The finding of some HCV RNA-positive and HCV Ag-negative samples was not entirely unexpected considering the high sensitivity of NAT-based tests, which have taken about 10 years to reach the present degree of standardization. Also, an analysis of the regression curve for the HCV Ag test cutoff index and viral load expressed in international units per milliliter shows that the curve meets the cutoff value at an HCV RNA concentration of about 4 log IU/ml. This shows that the analytical sensitivity of the test, which was not the subject of the analysis, was less marked than that of NAT-based tests.
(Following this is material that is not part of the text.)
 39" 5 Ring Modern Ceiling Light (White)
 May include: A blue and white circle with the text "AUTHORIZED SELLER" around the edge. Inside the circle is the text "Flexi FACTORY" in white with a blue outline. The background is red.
However, viral kinetics in the early stage of HCV infection, characterized by rapid growth in viral replication indices in only a few days, as shown in the natural and commercial panels, caused PCR and HCV Ag positivity to be virtually simultaneous.

In conclusion, the Ortho Antibody to HCV Core Antigen ELISA Test System has been shown to have high sensitivity and specificity, allowing it to be used in the screening of blood donations.

Our experience has also shown that the test is easy to use, which, together with the low cost of the kit, means it can be used to analyze individual blood donations and solve organizational problems connected with pool analysis (1, 13).

It is therefore a valid alternative to NAT-based tests for identification of HCV infection in the diagnostic window period, specially in situations in which organizational and technological problems connected with pool analysis are difficult to solve (e.g., in countries not able to set up nucleic acid tests). The HCV Ag test could become a useful means for improving the safety of blood and blood products and for detecting an early HCV infection in high risk individuals and late seroconverters.